Time together deepens bonds. Becoming a best friend takes 300 hours of togetherness, one study reported. Those fortunate enough to have friends through the decades develop a common history that fresh friendships often don’t.
Creating Chemistry
Together, Lew and Bobby went through the awkward teen years, early parenthood, illness and loss. Both had heart surgery and joked about matching scars on their chest. Both lost parents.
When Lew’s younger brother died, Bobby offered to drive down to Nashville, Tenn., with him to pick up his brother’s remains. Bobby fell off a roof seven years ago and was flown by helicopter to the hospital. Lew jumped in his car and met Bobby’s wife at the emergency room.
Times like those underscore the fragility of life and can strengthen ties, says Dr. Anisha Patel-Dunn, osteopathic physician and chief medical officer at LifeStance Health, a provider of mental-healthcare services. “You hold on to those people you’re afraid of losing and cherish them more,” says Patel-Dunn.
There’s chemistry involved, say those who research the science of friendship. People are naturally drawn to certain people because they share the same interests, spend time in the same place and see the world in a similar way.
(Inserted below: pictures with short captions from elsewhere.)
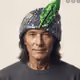 0XDJEUJKSE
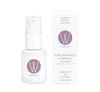 Pure Radiance Vitamin C Eye Cream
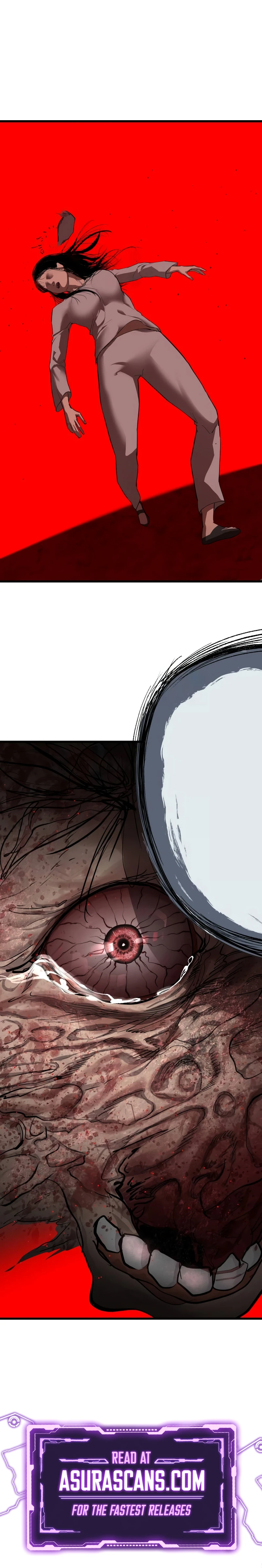 Bones Chapter 20 — Page 15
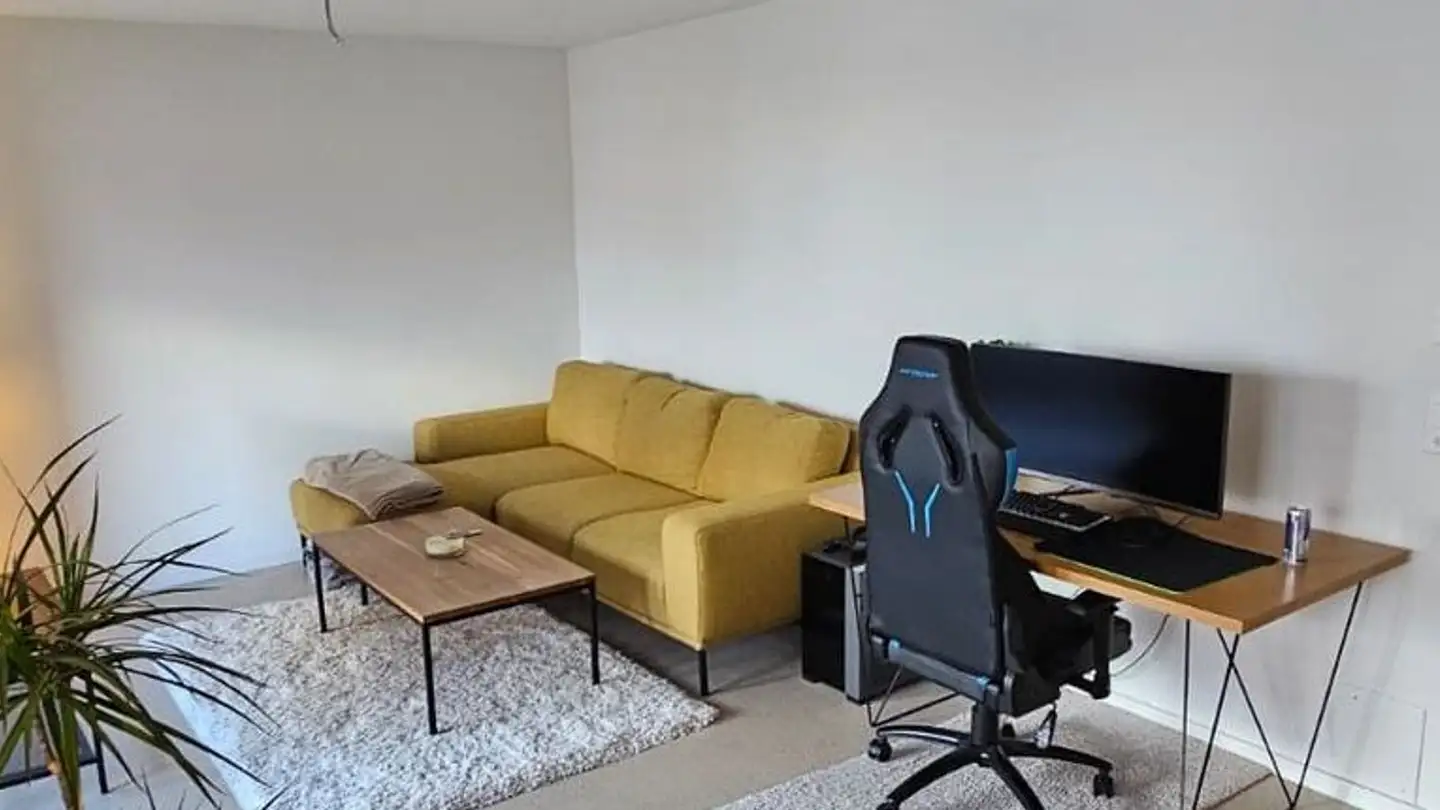 Appartamento in affitto - Dianastrasse 3, 4310 Rheinfelden - Foto 2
Lew and Bobby grew up in working-class families, went to church on Sundays and lived in nearly identical prefabricated ranch homes, each with side doors leading into the kitchen. Neither liked school or played organized sports.
“We were both kind of geeky,” says Bobby, who weighed 110 pounds when he enlisted in the Army. His family nicknamed him Slats.
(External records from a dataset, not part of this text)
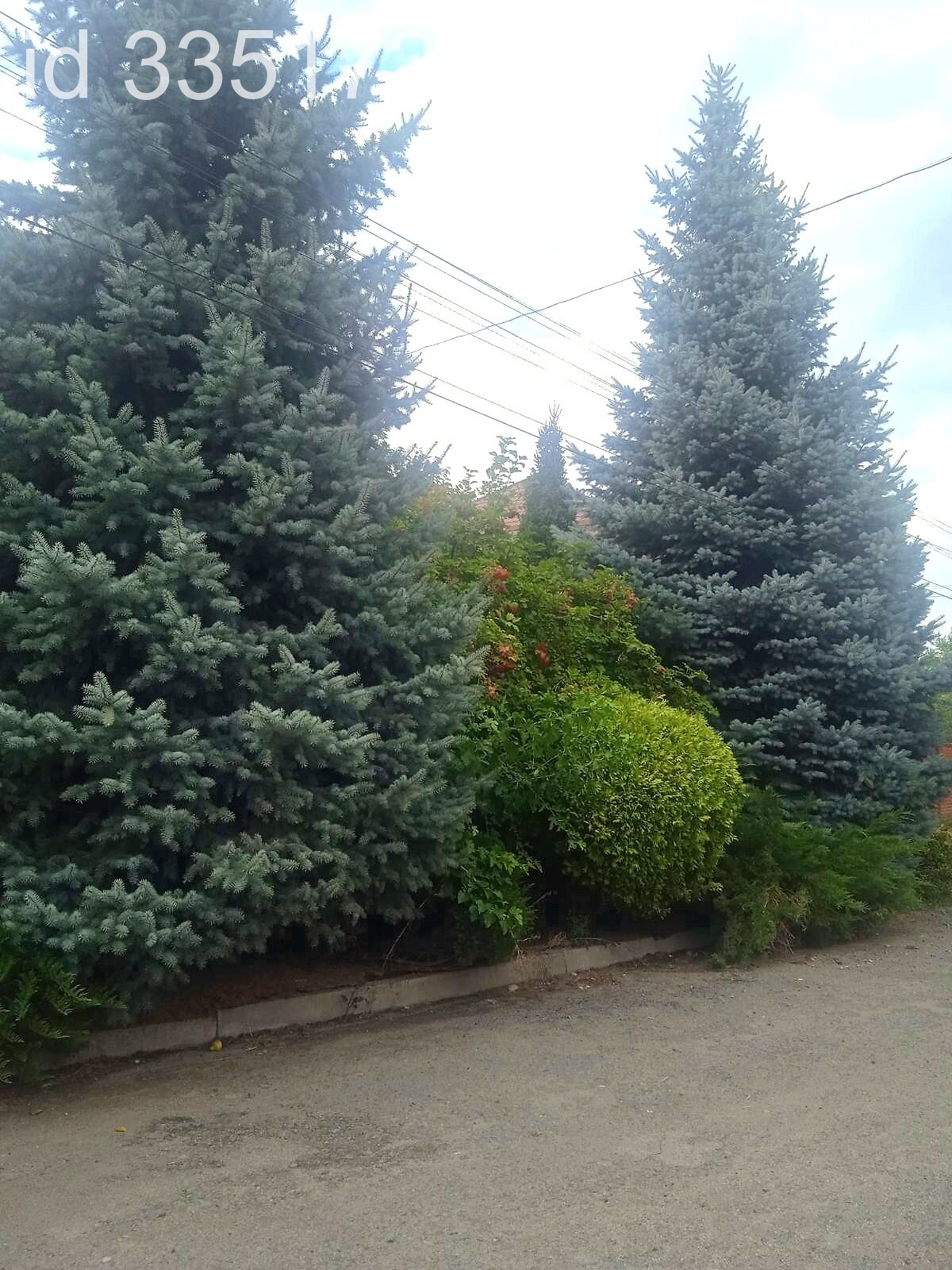 двухэтажный дом с верандой, 267 кв. м, кирпич. Продажа в Днепре район Шевченковский фото 1 двухэтажный дом с верандой, 267 кв. м, кирпич. Продажа в Днепре район Шевченковский фото 1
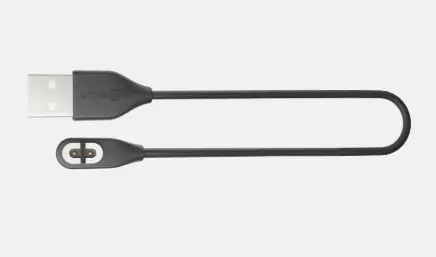 SHOKZ AFS-AS800-CABLE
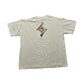 Vintage 1994 Soundgarden Super Unknown Band T-shirt from propervintagecanada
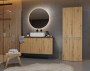 meble-łazienkowe-dąb-artisan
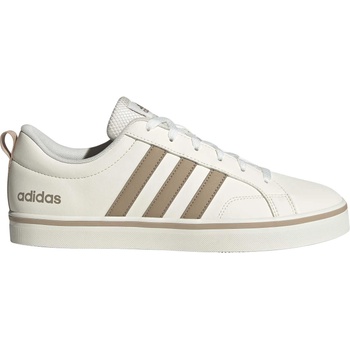 Adidas Обувки VS Pace 2.0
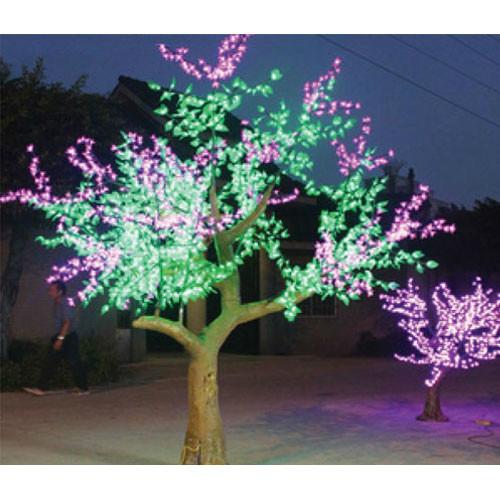 優(yōu)質(zhì)LED景觀樹(shù) LED景觀樹(shù)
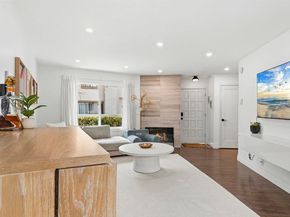 8490 Via Sonoma 10, La Jolla CA 92037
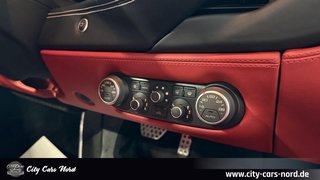 Ferrari 488 GTB Coupé RACING SEATS-LIFT-KAMERA-SCUDERIA - фото 21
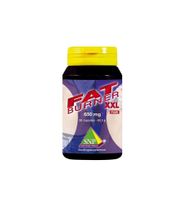 Fatburner XXL 650 mg puur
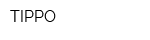 TIPPO
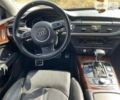 Ауди A7 Sportback, объемом двигателя 3 л и пробегом 114 тыс. км за 20000 $, фото 8 на Automoto.ua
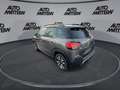 Citroen C3 Aircross 1.2 PureTech 130 Shine Automatik Gris - thumbnail 14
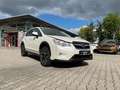 Subaru XV 2.0D Comfort *Kamera Sitzh. Alu Klimaauto* Blanco - thumbnail 5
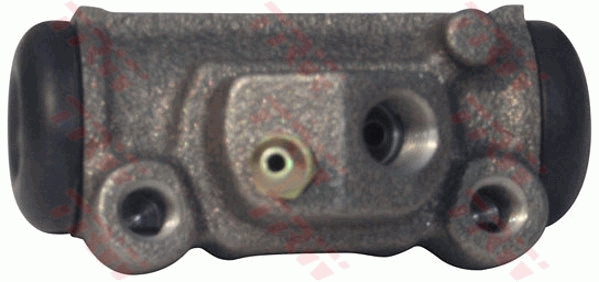 TRW Wielremcilinder BWF723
As kids, they watched Saturday morning cartoons at Bobby’s house because Lew’s parents, who were conservative evangelicals, didn’t want a TV in their home. As teens, they cruised the local root beer stands, went to drive-in movies, and volunteered for the local ambulance service. After high school, they planned to drive across the country and circled places on a map they wanted to visit—Mount Rushmore, Las Vegas, the Grand Canyon and the Grand Ole Opry.
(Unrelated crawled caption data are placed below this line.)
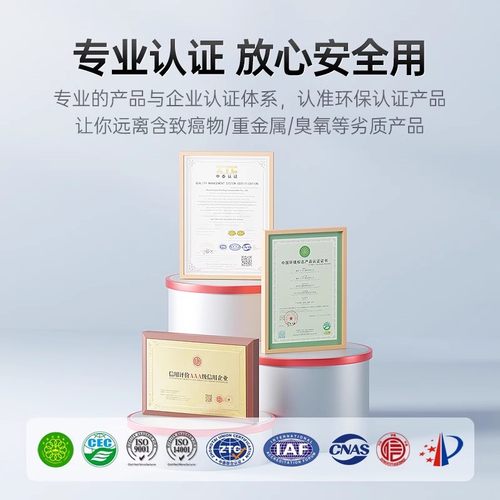 兮夜适用佳能MF426dw碳粉CRG052 LBP211dn LBP213dn LBP214dw打印机墨粉imageCLASS 423dw激光一体机052H墨粉 - 图3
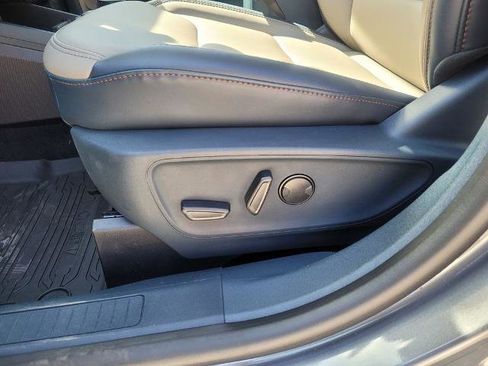 New 2026 Ford Maverick Lariat w/ 4K Tow Package image 11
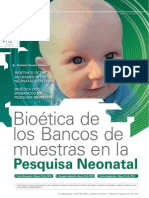 BIO18 Web PesquisaNEONATAL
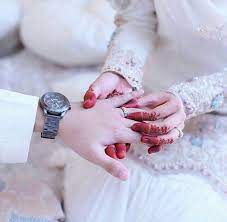 Check spelling or type a new query. Pin On Wedding Hantaran Flowers All About Wedding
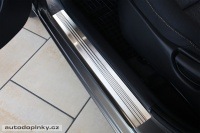 Obr�zek v�robku
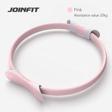JOINFIT Yoga ve Pilates Çemberi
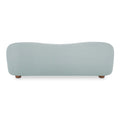 MOES, BRIA SOFAS, SOFA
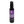 Bottle of Tressa Watercolors Purple Base Drops 4oz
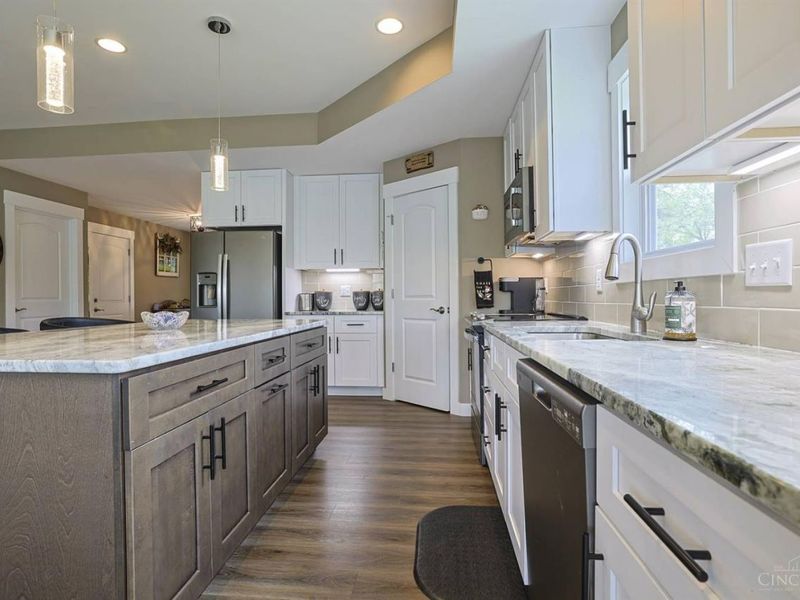 10866 Carolina Trace Road, Harrison, OH 45030 Photo 12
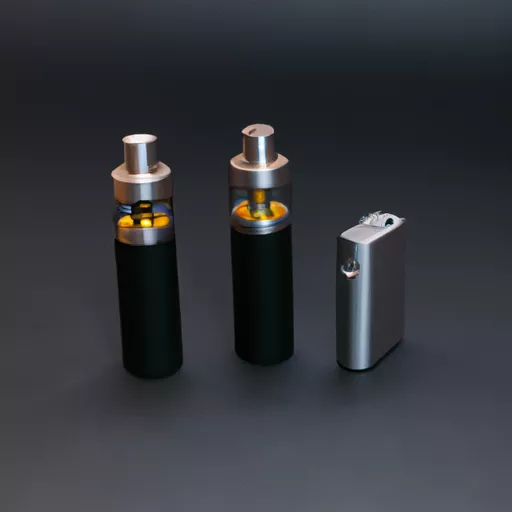 Buy Vape Chargers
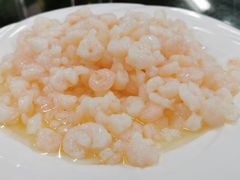 -协和菜馆(凤凰街店)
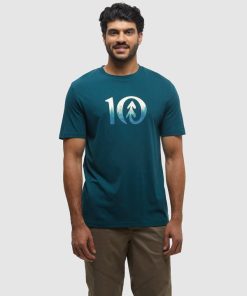 Finessefabric.shop90b74fbc23 1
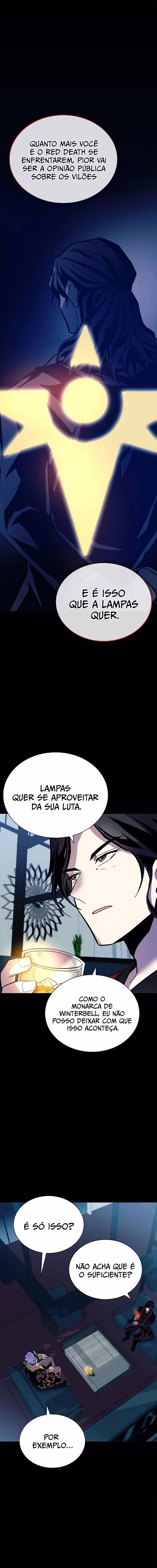 Página 16 do Capítulo 159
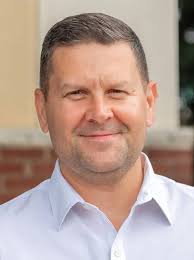 Rutherford County Offers Top-Notch Health Care for Women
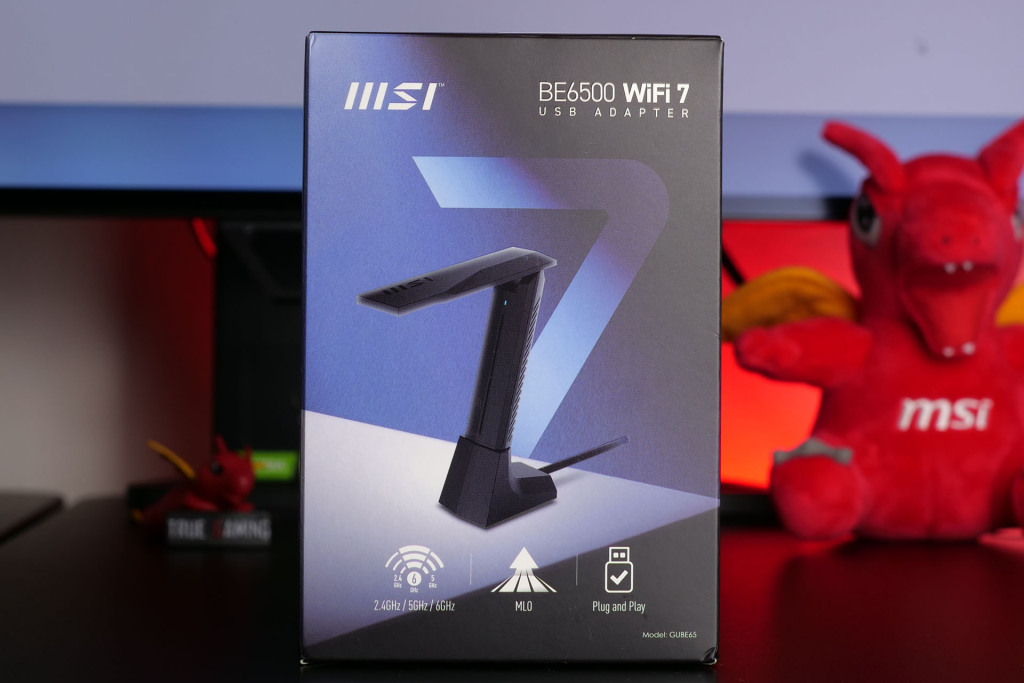 Msi be6500 wifi 7 01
“He messed it up by getting married and I got drafted,” says Bobby, who served in Germany during the Vietnam War, repairing radios.
Lew, who had a medical deferment, recorded messages on a reel-to-reel tape recorder and mailed them overseas to Bobby. “I would just jabber, tell him what was going on at home and at work, with the family,” says Lew. Bobby sent tapes back describing Oktoberfest.
A few years ago, they took a shorter version of their high school dream road trip. They drove through the Smoky Mountains, fished for trout, and made it to the Grand Ole Opry. Lew’s brother, who worked in the music business, got them backstage passes.
“They had the time of their lives,” says Bobby’s wife, Barbara, who admires their friendship and is grateful for it. “They absolutely trust each other and know neither one would betray the other.”
The Last Stage
Lew and Bobby eventually pursued the same career, becoming police officers, and at one point worked together, Lew as chief at the local township and Bobby his deputy. Their jobs could be intense but they could talk to each other about heart-wrenching child-assault cases and haunting images of bodies at crime scenes. “You carry those things inside you somewhere,” says Lew. “It’s nice to be able to talk to him about it.”
Bobby is more laid back and optimistic. Lew is more intense. They argue about where to go to breakfast and whether a project will take two hours or two days, but don’t stay mad. They are direct with each other.
“We can say you’re acting stupid or you need to see the doctor,” says Bobby.
One thing they agreed never to discuss is religion. Lew, raised in an evangelical church, attends weekly services. Bobby, raised Mormon, hasn’t gone in about 30 years. “We had a good thing going. I didn’t want religion to get in the way,” says Lew.
Aging is the latest stage they are sharing. They talk about getting old and dying, Lew asking Bobby halfjoking who he’s going to pick on when Lew is gone.
“That’s the scariest thing we deal with—something happening to each other,” says Bobby, who grins and adds, “I guess we have to go out at the same time.”